Maintenant, et nous y revenons une dernière fois, que le choix démocratique aujourd'hui ait besoin, sur nombre de questions, d'informations scientifiques ou de moyens techniques, rien de plus évident; mais que ces nécessaires expertises soient déterminantes, rien de moins certain. Car si la science maintenant pose plus de questions qu'elle n'en peut résoudre et élimine plus de fausses réponses qu'elle n'en peut donner de vraies (et cela est déjà beaucoup), si la recherche scientifique nous a alertés sur le trou d'ozone, l'effet de serre, l'hiver nucléaire, pour s'en tenir à notre propos et... aux gros titres des journaux, c'est elle aussi qui se révèle incapable de conclure rapidement et assurément à l'étendue, aux causes et aux remèdes de ces dangers. Constatons ses limitations au lieu d'en attendre des miracles puis de lui reprocher son impuissance. L'illusion de l'expertise ainsi dissipée éloigne la tentation de "l'expertocratie", forme moderne du despotisme (prétendument) éclairé.
Donc, même et surtout parce qu'on lui en fournit les moyens, la technique ne permet pas de faire n'importe quoi: elle reste soumise aux lois naturelles, elle demeure tributaire des ressources disponibles et est limitée à un certain rythme d'évolution (en serait-elle pour autant... renouvelable?); comme le disait tout récemment, au dernier congrès AAPG à San Diego, John Masters, le découvreur du plus grand champ de gaz du Canada: Elmworth: "Technology has its role and I don't mean to diminish it -but the world is changed by dreamers" [167] .
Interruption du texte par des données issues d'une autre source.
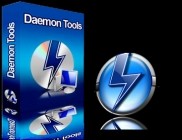 Daemon Tools Pro Advanced 5.4.0.0377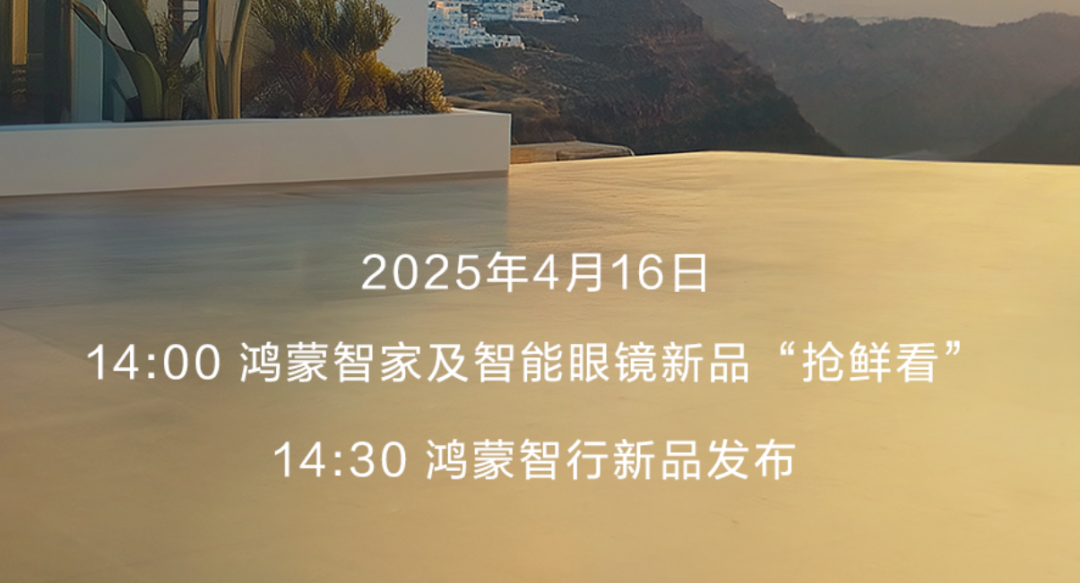 640 (1).png 640 (1).png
Enfin, il est plus que jamais nécessaire de réfléchir sur la rationalité et (ou) la pertinence des démarches scientifiques (ou supposées telles) et plus précisément de celles des "technosciences" et partant, de leur pouvoir [168]: l'homme sait maintenant qu'il est seul face au monde et surtout face au savoir qu'il en a [169].
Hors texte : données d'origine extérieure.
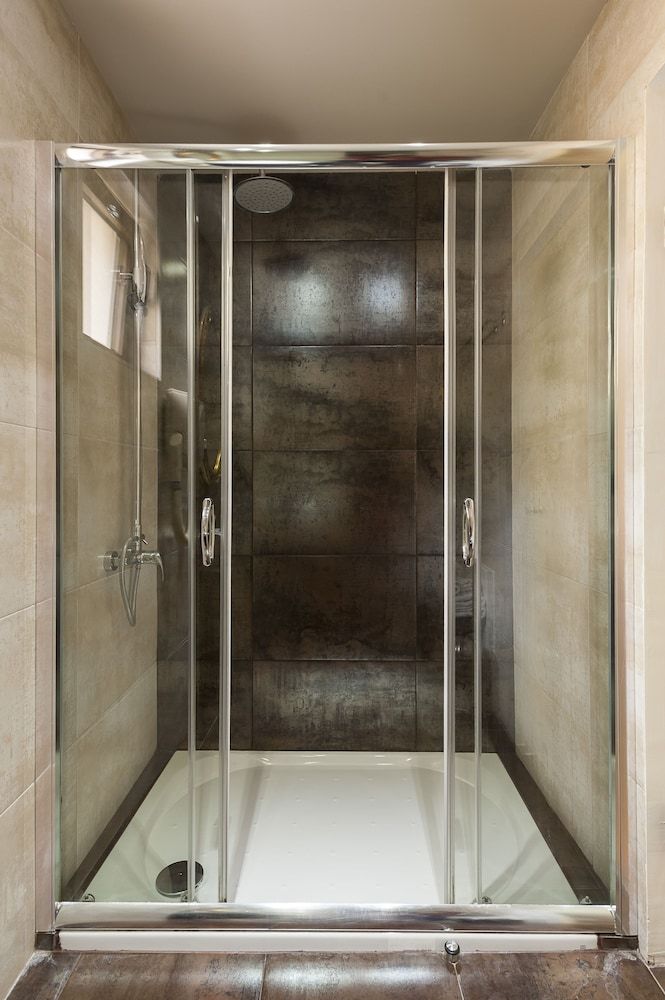 Elina Hotel Apartments Economy Studio 6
Une sorte de "nouvelle alliance" est donc nécessaire, qui doit s'établir entre le scientifique et l'humaniste, le premier sachant qu'íil doit se montrer attentif à d'autres valeurs que les siennes. La certitude que le savoir [170] est avant tout humain nous aidera à affirmer que les retombées du pouvoir (technologique et... politique) se font sur l'homme et son milieu même: on réalisera ainsi qu'aujourd'hui, les dégâts et les risques liés à l'augmentation de la production et de la consommation d'énergie dépassent trop souvent les avantages qu'on en retire: par exemple, sommes-nous réellement conscients qu'en augmentant les moyens de production, nous augmentons proportionnellement le facteur risque (partant du principe qu'«on ne fait pas d'omelette sans casser des oeufs»)?. Nous voyons donc bien que la problématique de l'énergie n'est pas qu'un problème... d'énergies: «Sans énergies, pas d'énergie!» (Fondation Energies pour le Monde); cela montre aussi la nécessité de "l'irruption" de l'écologie, au sens le plus large, dans l'économie; en matière d'énergies alternatives bien sûr, mais également et même surtout en matière sociale: en termes de savoir-faire, d'emplois nouveaux [171], de pratiques nouvelles, du fait de la montée de l'éthique en "avant-scène"; étant créée par l'humain, toute dimension économique n'a-t-elle pas une dimension éthique?